This means that the choice between dual or primal depends on comparing $d$ and $n$. For raw runtime, we prefer dual when $d > n$, and primal when $d \leq n$. Practically, though, we’ll usually have way more sample points than features: $n >> d$. However, with polynomial features and parabolic lifting, we’re actually gonna have way more features than we think. More importantly, adding polynomial terms as new features will blow up $d$ in the primal algorithm runtime, but does not affect $d$ in the dual runtime. So dual ridge regression is looking better and better here.

Finally, remember that dual and primal produce the same exact predictions. They are just different ways of doing the same computation.

The Magic: Kernelization¶

Now finally, the magic part. We can compute a polynomial kernel with many monomial terms without actually computing the individual terms itself.

The polynomial kernel of degree $p$ is given as $k(x,z) = (x^Tz + 1)^p$. Note that $x^Tz + 1$ is a scalar, so taking it to a power is $O(1)$ time.

A theorem: $(x^Tz + 1)^p = \Phi(x)^T\Phi(z)$ where $\Phi(x)$ contains every monomial in $x$ of degree $p$ (degree 0 to p). For example, let’s say we have $d=2$ features, and want a degree $p=2$ polynomial. Let’s assume $x, z \in R^2$. Then,

$k(x,z) = (x^Tz + 1)^2 = x_1^2z_1^2 + x_2^2z_2^2 + 2x_1z_1x_2z_2 + 2x_1z_1 + 2x_2z_2 + 1$.

We can factor this into an inner product of two vectors, one with $x$ terms and one with $z$ terms:

$= \begin{bmatrix}x_1^2 & x_2^2 & \sqrt{2}x_1x_2 & \sqrt{2}x_1 & \sqrt{2}x_2 1\end{bmatrix} * \begin{bmatrix}z_1^2 & z_2^2 & \sqrt{2}z_1z_2 & \sqrt{2}z_1 & \sqrt{2}z_2 1\end{bmatrix}^T$

Now define $\Phi(x)$ and $\Phi(z)$ as these two respective vectors. Which means we can finally compute $k(x,z) = \Phi(x)^T\Phi(z)$ like we dreamed of, and calculate it as a single expression $(x^Tz + 1)^p$ instead of actually computing $\Phi(x)$ or $\Phi(z)$ themselves! It’ll take $O(d)$ runtime instead of $O(d^p)$ time (by calculating $d^p$ terms in $\Phi(x)$).

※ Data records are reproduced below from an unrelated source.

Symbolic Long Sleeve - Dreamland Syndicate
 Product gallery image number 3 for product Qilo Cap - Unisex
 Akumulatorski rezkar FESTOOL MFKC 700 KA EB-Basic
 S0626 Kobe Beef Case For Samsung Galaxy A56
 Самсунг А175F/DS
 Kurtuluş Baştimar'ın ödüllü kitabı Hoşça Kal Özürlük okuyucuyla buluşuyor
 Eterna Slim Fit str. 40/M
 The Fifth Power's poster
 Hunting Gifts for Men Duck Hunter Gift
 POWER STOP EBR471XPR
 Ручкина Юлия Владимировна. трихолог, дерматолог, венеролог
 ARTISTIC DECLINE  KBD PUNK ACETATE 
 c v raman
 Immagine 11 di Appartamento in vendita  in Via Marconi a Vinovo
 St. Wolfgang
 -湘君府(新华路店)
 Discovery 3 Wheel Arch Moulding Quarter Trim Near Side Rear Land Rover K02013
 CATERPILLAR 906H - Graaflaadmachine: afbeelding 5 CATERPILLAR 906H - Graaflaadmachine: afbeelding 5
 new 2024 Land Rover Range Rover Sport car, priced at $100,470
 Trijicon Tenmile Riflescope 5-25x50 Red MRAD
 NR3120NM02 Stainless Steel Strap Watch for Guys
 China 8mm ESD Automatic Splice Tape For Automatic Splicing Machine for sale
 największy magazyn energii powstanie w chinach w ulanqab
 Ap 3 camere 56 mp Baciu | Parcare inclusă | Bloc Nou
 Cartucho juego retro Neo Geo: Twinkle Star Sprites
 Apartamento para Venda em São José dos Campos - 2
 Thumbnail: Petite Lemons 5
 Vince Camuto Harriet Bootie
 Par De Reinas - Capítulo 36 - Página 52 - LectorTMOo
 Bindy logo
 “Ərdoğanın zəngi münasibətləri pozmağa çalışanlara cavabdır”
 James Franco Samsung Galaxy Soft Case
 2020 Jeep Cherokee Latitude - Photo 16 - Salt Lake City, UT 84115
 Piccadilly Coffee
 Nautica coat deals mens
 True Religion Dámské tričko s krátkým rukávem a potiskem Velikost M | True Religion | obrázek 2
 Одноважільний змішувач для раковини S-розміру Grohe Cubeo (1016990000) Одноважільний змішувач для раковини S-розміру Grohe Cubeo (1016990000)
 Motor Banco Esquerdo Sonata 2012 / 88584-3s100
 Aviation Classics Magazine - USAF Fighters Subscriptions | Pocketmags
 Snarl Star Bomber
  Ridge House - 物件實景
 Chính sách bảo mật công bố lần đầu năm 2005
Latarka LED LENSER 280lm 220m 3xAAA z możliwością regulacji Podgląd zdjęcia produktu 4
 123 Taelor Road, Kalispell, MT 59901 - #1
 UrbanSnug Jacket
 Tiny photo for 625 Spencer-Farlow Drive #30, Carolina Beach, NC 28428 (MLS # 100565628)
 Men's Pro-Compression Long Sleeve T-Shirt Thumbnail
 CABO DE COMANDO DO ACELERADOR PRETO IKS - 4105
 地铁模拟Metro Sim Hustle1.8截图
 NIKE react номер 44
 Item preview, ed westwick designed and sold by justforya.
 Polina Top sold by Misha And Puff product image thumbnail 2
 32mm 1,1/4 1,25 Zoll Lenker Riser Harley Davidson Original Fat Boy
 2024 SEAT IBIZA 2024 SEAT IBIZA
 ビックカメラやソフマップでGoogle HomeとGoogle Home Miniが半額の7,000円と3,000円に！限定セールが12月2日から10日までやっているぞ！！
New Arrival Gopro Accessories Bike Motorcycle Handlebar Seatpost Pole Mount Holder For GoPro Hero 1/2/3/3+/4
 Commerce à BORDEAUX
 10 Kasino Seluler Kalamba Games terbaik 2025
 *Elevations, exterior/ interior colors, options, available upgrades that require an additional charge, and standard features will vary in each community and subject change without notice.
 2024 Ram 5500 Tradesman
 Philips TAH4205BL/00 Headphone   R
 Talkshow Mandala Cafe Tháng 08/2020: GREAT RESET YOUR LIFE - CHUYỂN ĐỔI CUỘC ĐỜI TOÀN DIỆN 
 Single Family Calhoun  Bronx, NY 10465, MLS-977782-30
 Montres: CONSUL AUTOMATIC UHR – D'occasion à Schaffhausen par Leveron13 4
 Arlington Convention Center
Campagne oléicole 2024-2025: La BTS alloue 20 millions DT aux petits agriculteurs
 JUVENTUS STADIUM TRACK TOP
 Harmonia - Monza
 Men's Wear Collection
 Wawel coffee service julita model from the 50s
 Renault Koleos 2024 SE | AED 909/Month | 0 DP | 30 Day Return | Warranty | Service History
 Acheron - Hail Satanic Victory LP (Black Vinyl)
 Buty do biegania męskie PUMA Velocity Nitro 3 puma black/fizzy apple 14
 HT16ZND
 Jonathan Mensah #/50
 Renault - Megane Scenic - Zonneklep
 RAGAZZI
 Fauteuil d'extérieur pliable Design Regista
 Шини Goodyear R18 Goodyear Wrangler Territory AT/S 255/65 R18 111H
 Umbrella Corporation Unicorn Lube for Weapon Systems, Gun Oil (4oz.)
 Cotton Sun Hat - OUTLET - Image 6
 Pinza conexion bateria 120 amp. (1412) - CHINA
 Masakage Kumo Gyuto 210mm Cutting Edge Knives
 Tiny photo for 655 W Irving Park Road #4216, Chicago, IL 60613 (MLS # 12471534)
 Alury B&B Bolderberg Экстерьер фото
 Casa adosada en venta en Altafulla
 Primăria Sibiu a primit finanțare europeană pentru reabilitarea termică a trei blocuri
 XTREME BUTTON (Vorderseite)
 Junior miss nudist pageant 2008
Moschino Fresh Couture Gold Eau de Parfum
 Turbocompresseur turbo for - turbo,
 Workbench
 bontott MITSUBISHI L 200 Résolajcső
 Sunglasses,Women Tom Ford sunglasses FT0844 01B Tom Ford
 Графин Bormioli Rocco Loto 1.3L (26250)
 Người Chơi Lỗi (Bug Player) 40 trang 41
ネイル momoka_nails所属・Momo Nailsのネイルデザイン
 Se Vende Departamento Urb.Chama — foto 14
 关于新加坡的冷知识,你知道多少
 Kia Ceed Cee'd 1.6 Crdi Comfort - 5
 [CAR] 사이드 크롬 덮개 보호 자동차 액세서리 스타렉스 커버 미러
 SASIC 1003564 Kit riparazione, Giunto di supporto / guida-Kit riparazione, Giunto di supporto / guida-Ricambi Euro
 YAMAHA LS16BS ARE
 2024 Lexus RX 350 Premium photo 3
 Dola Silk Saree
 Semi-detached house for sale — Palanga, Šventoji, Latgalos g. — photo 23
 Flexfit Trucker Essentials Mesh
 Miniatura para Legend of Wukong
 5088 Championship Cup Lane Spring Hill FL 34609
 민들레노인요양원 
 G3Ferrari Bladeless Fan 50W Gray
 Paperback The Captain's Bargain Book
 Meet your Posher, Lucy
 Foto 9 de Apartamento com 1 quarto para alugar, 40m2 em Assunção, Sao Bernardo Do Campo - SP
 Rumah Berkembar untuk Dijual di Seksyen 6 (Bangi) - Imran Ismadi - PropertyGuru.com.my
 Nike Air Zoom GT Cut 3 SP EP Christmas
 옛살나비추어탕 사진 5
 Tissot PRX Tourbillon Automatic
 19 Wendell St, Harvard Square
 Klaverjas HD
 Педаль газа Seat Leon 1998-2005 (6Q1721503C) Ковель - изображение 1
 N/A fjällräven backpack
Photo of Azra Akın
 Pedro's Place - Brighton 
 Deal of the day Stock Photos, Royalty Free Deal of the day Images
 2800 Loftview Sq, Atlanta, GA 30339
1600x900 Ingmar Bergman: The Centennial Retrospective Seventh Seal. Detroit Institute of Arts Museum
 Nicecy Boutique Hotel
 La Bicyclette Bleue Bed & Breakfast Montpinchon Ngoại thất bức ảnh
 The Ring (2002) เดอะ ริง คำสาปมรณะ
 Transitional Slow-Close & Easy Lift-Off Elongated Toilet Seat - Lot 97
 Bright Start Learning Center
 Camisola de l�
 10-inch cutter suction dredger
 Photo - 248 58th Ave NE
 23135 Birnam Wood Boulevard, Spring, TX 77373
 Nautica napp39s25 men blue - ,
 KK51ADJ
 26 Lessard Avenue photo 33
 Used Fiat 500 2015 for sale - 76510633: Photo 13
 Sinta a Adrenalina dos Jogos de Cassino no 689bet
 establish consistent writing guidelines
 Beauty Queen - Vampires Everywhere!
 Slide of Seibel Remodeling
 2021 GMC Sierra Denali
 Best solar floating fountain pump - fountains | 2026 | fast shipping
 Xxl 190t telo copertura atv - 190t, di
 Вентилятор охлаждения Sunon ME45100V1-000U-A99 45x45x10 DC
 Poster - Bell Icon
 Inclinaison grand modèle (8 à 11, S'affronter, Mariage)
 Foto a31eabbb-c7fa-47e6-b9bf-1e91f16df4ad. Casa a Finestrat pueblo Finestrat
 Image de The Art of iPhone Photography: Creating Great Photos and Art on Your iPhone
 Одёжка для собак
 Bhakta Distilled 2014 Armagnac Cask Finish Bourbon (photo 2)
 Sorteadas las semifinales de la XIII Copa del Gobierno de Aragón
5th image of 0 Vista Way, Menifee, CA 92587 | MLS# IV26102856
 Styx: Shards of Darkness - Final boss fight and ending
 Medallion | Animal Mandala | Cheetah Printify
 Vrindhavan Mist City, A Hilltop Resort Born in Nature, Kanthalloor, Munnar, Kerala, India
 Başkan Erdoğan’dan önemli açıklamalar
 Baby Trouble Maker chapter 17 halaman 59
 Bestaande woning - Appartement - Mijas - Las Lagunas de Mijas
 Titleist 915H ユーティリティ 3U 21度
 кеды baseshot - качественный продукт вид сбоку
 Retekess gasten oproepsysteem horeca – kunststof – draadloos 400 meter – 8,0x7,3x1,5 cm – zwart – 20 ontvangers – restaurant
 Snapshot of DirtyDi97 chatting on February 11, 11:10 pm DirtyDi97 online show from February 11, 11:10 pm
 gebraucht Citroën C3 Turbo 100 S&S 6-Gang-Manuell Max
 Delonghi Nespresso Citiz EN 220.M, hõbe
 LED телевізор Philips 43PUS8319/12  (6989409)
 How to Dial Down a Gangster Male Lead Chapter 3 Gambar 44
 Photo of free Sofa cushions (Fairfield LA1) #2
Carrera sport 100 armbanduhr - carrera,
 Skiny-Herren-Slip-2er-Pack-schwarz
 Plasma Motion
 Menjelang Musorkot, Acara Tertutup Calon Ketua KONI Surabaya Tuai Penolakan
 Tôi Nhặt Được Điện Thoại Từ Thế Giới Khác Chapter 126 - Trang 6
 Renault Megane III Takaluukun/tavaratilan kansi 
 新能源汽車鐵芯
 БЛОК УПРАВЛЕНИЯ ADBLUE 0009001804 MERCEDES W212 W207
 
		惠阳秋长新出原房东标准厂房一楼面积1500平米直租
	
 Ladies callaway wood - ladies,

Now, applying kernelization to ridge regression, the important thing to understand: we take our dual and replace $X_i$ with $\Phi(X_i)$. Now, our kernel function is $k(x,z) = \Phi(x)^T\Phi(z)$. But we aren’t computing $\Phi(x)$ or $\Phi(z)$ and taking their inner product. We are computing $(x^Tz + 1)^p$, which is equivalent.

Kernel Perceptrons¶

So how can we apply kernelization to ML algorithms? Let’s look at an example with perceptrons. The perceptron algorithm will stay the same as before, except we replace $X_i$ with $\Phi(X_i)$:

Algorithm 2 (Kernelized Perceptron, Primal)

Pick some starting point, e.g. $w = y_1\Phi(X_1)$
Training. While some $y_i \Phi(X_i) \cdot w < 0$ (there exists a misclassified point):
1. $w \leftarrow w + \epsilon y_i \Phi(X_i)$
Testing. For each test point $z$:
1. $h(z) \leftarrow w \cdot \Phi(z)$

How do we convert this algorithm to its dual form?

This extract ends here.